WHAT THE EXERCISE ASKS:
Every record below should be written out exactly; pictures stay out.

EXERCISE DATA:
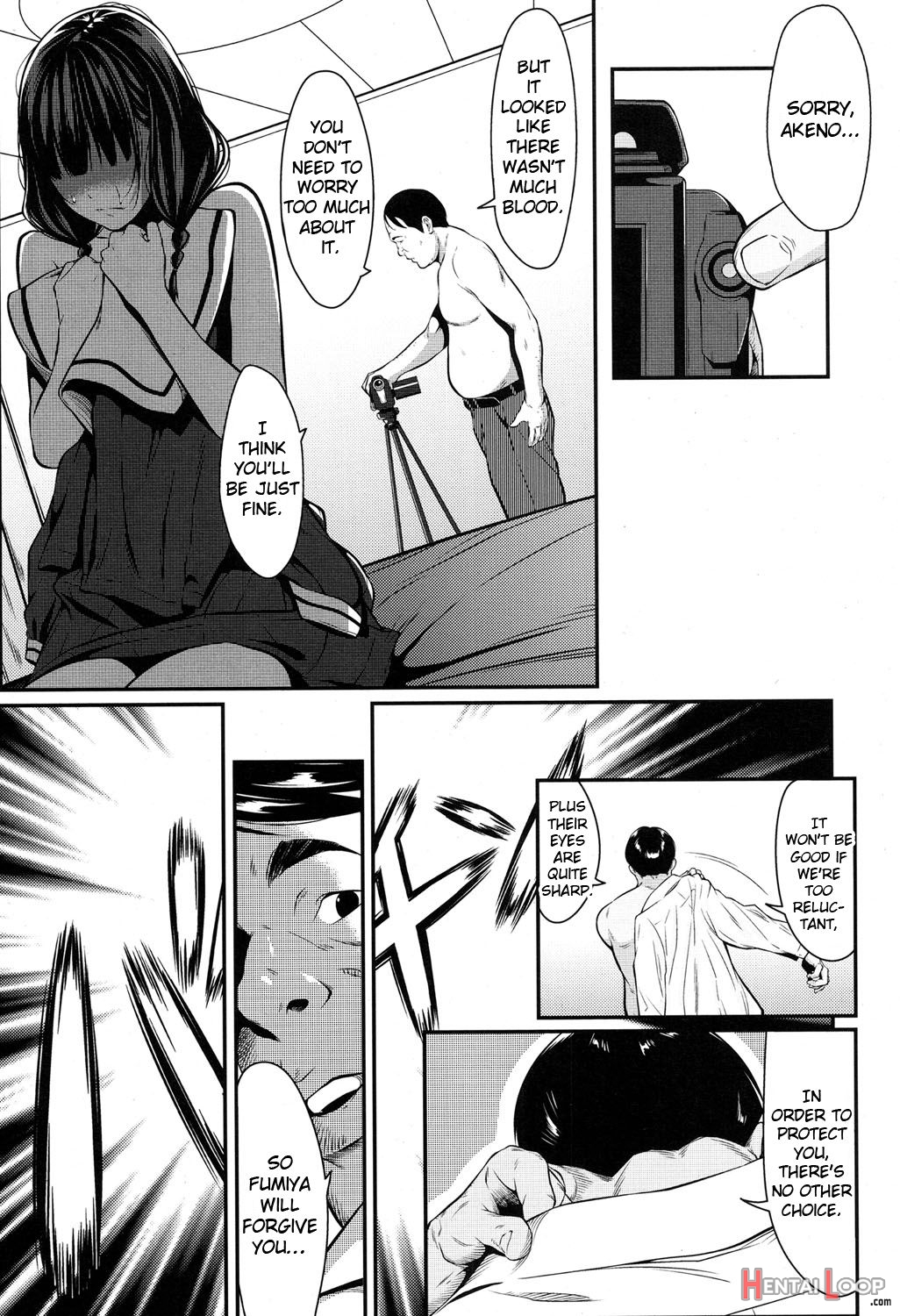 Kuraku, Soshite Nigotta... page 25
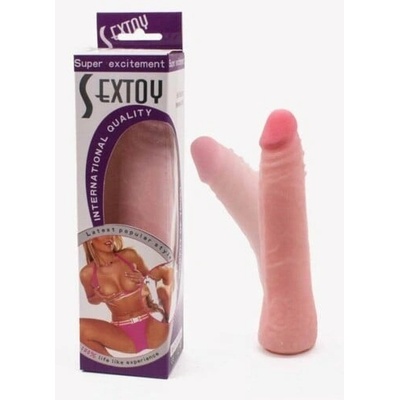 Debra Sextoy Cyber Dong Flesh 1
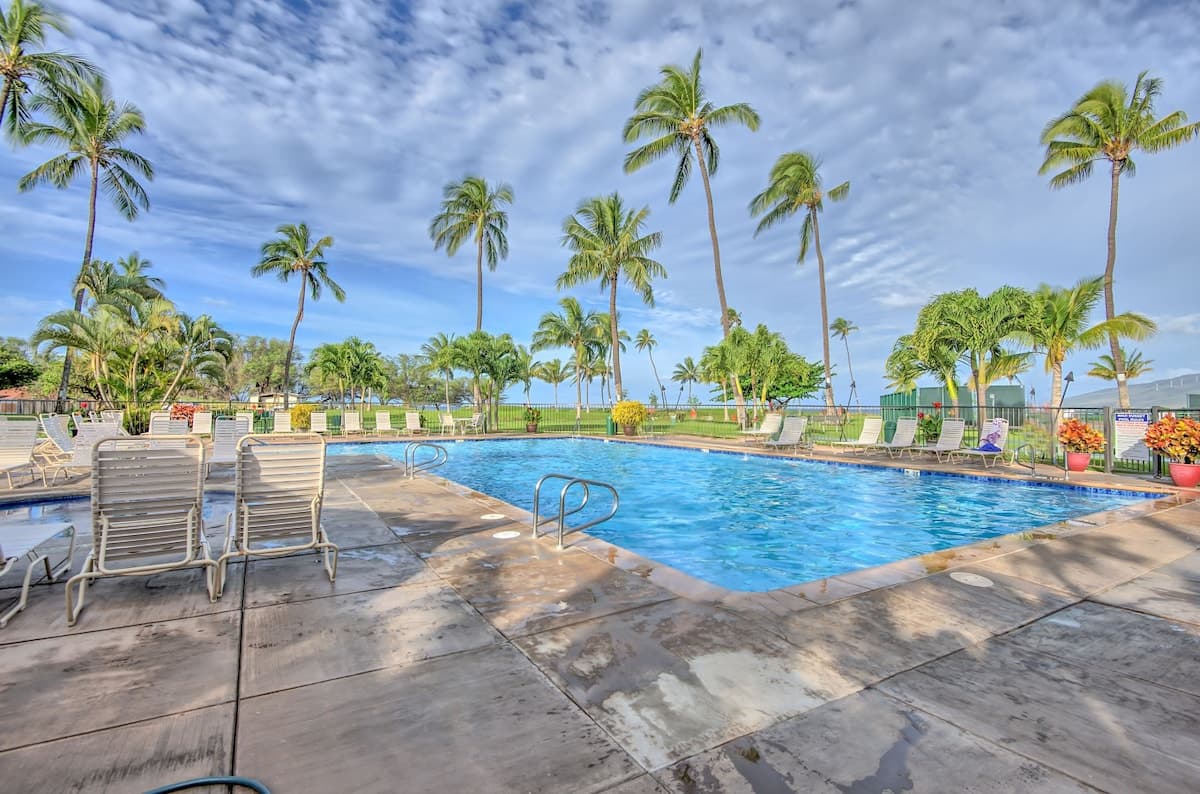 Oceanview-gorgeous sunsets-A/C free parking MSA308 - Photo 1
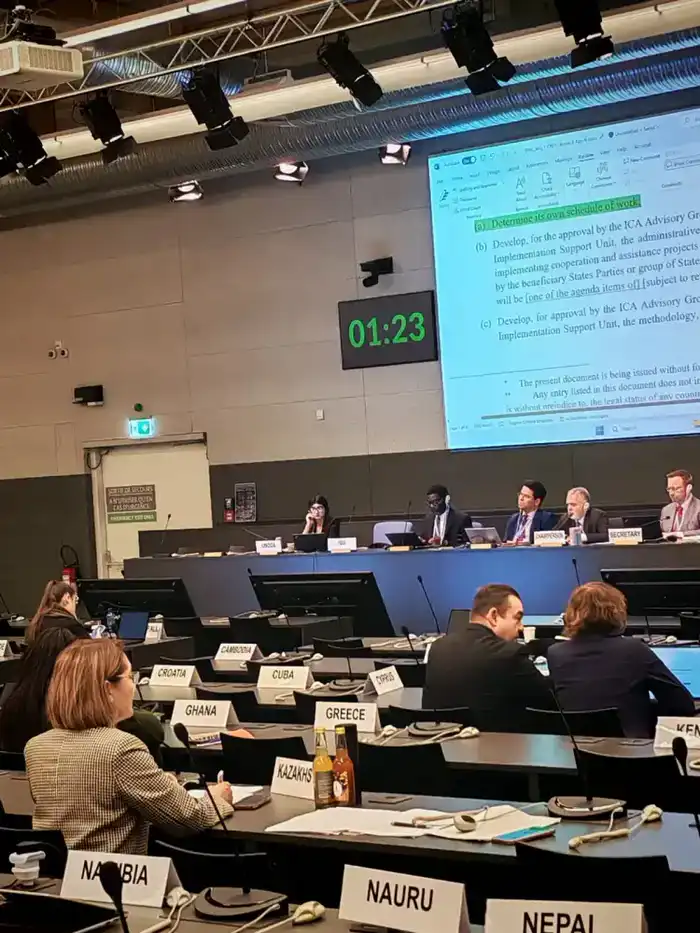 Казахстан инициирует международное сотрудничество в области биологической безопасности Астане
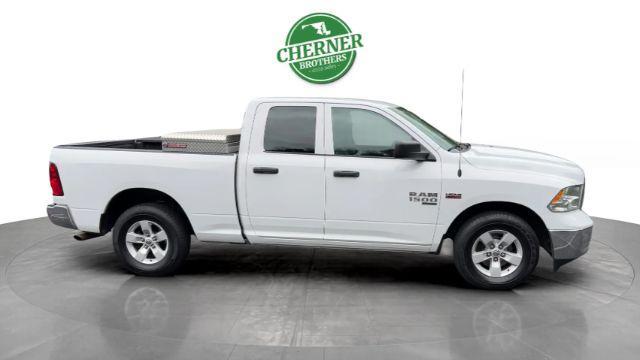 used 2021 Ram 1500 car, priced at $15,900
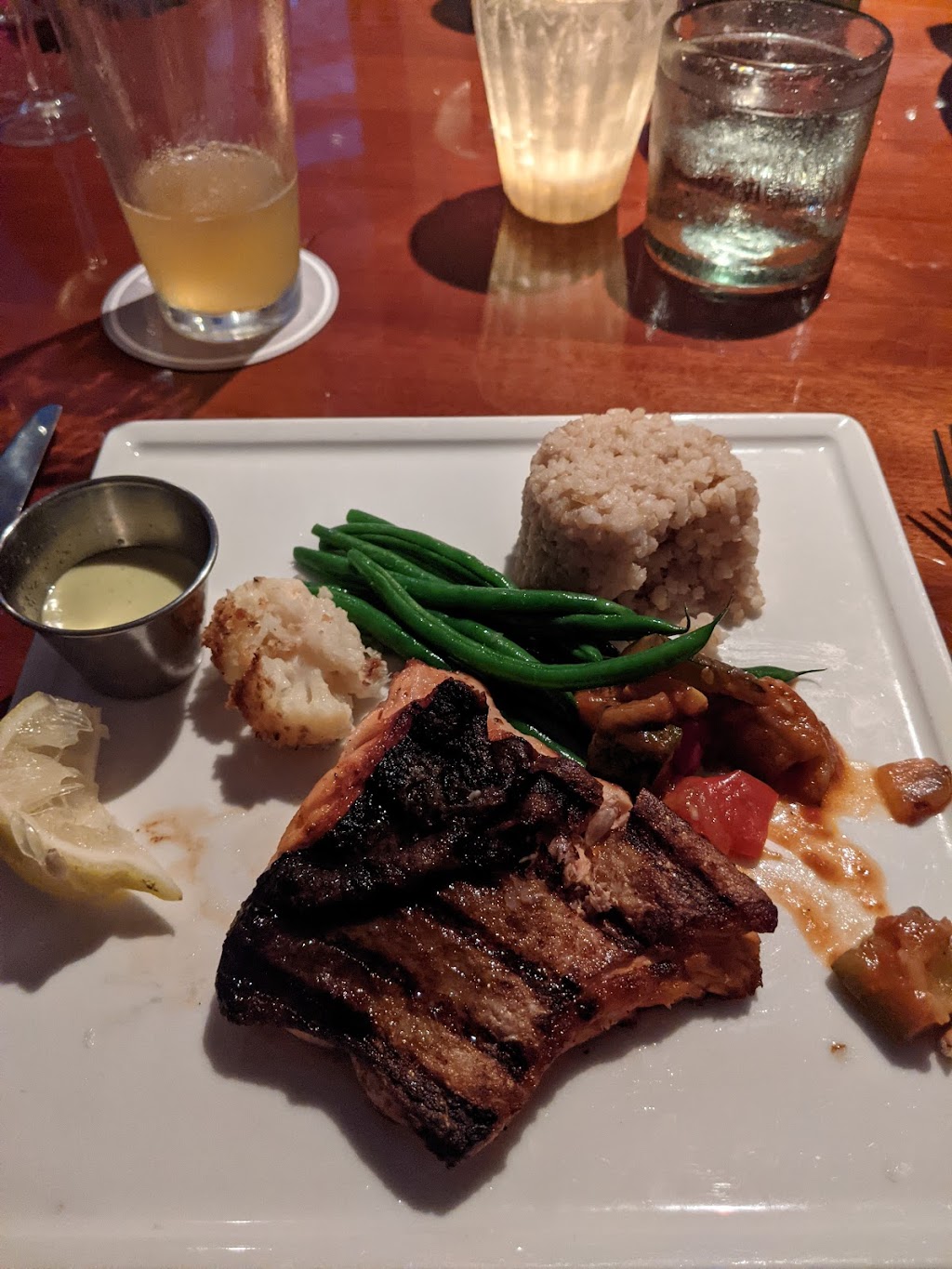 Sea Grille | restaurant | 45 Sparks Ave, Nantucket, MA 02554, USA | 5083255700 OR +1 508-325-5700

SOLUTION TO THIS TASK:
 Kuraku, Soshite Nigotta... page 25
 Debra Sextoy Cyber Dong Flesh 1
 Oceanview-gorgeous sunsets-A/C free parking MSA308 - Photo 1
 Казахстан инициирует международное сотрудничество в области биологической безопасности Астане
 used 2021 Ram 1500 car, priced at $15,900
 Sea Grille | restaurant | 45 Sparks Ave, Nantucket, MA 02554, USA | 5083255700 OR +1 508-325-5700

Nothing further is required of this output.